For every key in a map, I want to match a new value

class SomeLongNameObject {
    val m: Map[String, String] = Map("a" -> "aa",
      "b" -> "bb",
      "other" -> "someString")

    m.map {
      case (aKey, v) => println("a found")
      case (bKey, v) => println("b found")
      case (k,v) => println("fallback")
    }
  }

  object SomeLongNameObject {
    val aKey = "a"
    val bKey = "b"
  }
  val someObject = new SomeLongNameObject

I expect (and desire) that the given map will print

a found

b found

fallback

however, the result is

a found

a found

a found

As I understand the aKey from the SomeLongNameObject object not used in the case (aKey, v), Is there a way to force it to use the vals from the object SomeLongNameObject in a more elegant way than below?

m.map {
      case (SomeLongNameObject.aKey, v) => println("a found")
      case (SomeLongNameObject.bKey, v) => println("b found")
      case (k,v) => println("fallback")
    }

1 Answers1

2

When you write case (aKey, v) => ... that means "deconstruct the tuple, and assign the first element to a local variable aKey, and the second element to local variable b. It does not matter whether variables with the same name are already in scope (which in your case they actually aren't, you need to import SomeLongNameObject._ to bring them in)

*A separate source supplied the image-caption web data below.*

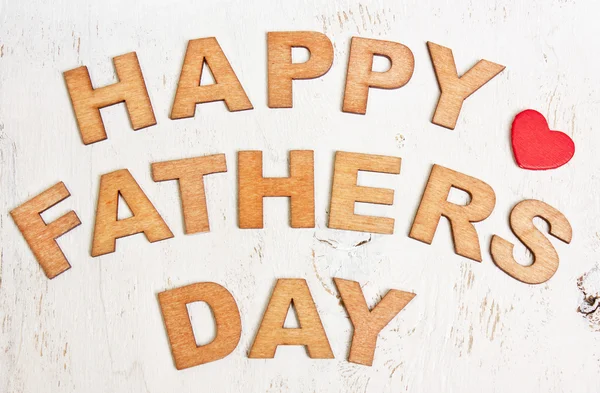 Happy Fathers Day met houten letters op een oude witte pagina — Stockfoto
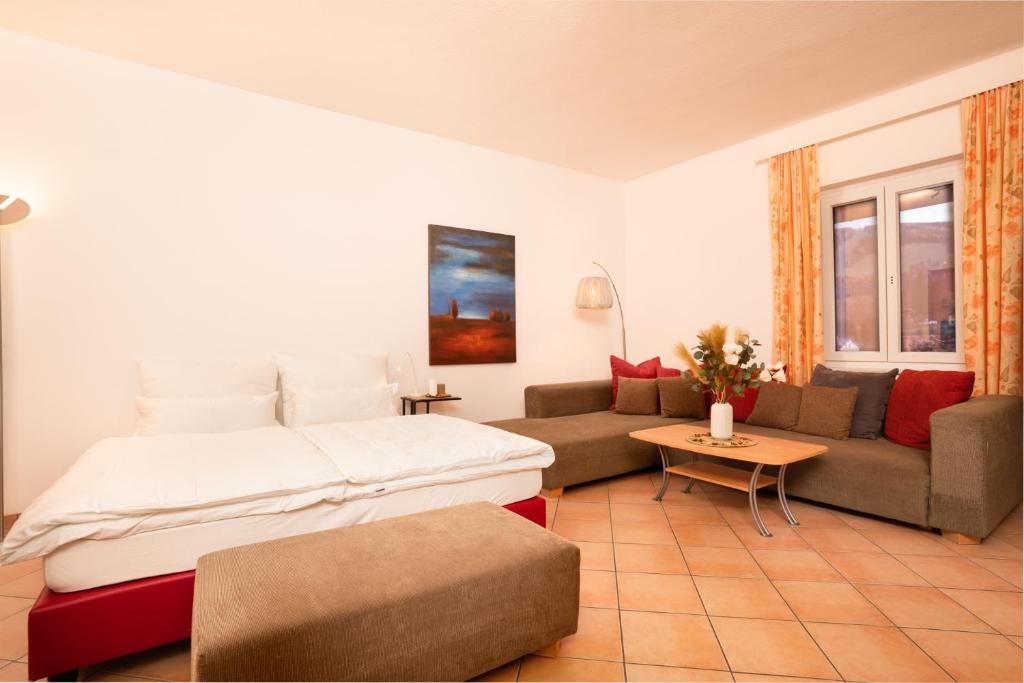 Postel nebo postele na pokoji v ubytování Hirschenhof Apartments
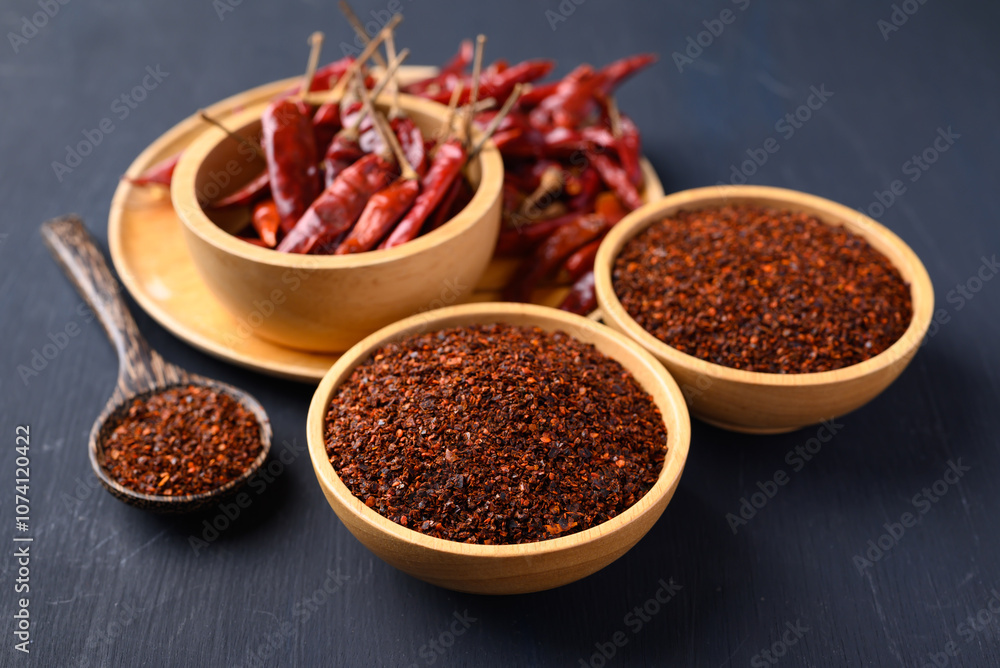 Red chili powder in bowl on black background, Food ingredient Red chili powder in bowl on black background, Food ingredient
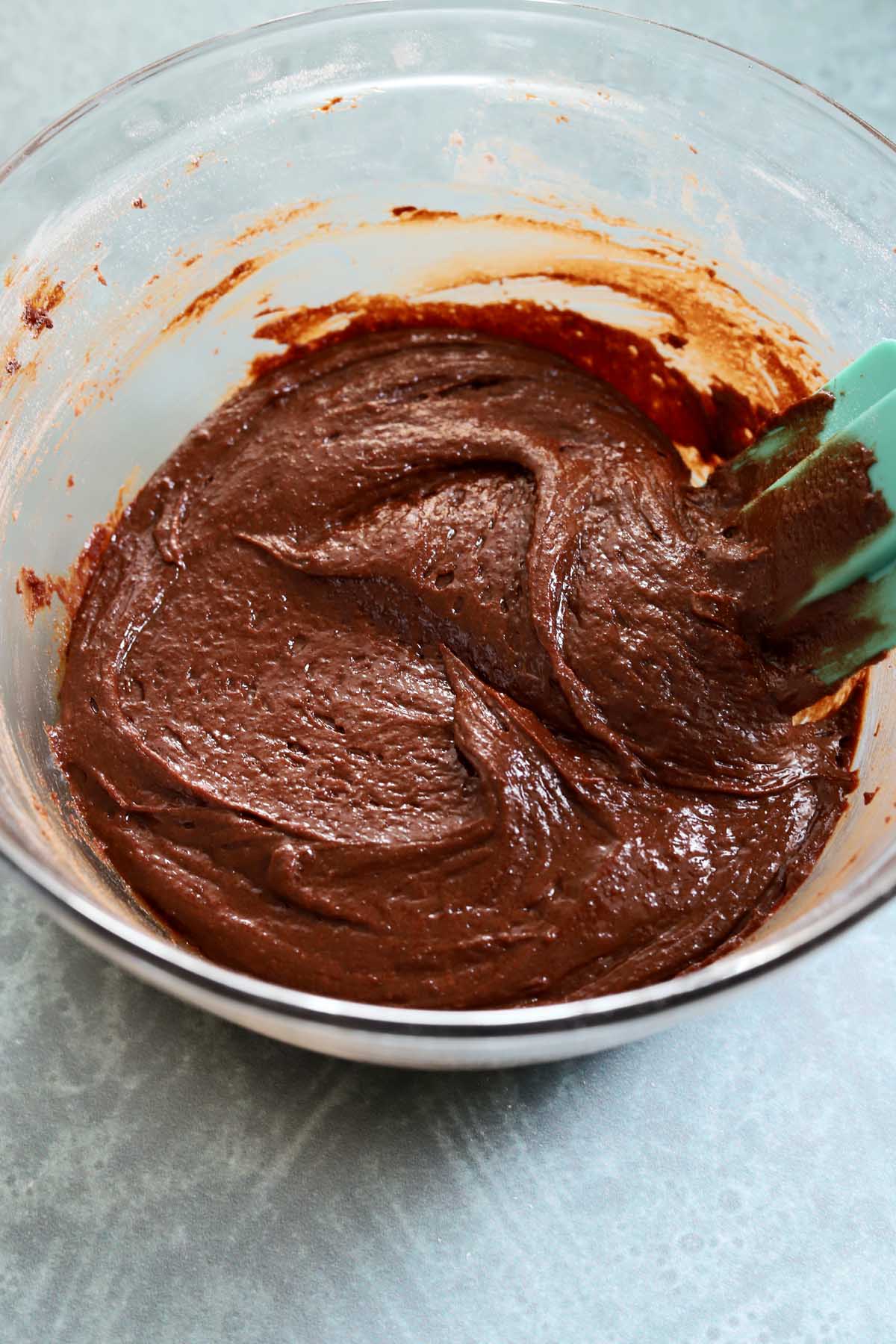 chocolate fondant cookie batter in mixing bowl with spatula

One way to tell the compiler you are actually talking about matching to the value of a variable not just assignment is using backticks:

    case (`aKey`, v) => ???

would work if aKey was in scope.

Another way, is to exploit a "secret feature": if a variable name starts with a capital letter, you don't need backticks :) If instead of aKey, you had just A, this would work: case (A, v) => ???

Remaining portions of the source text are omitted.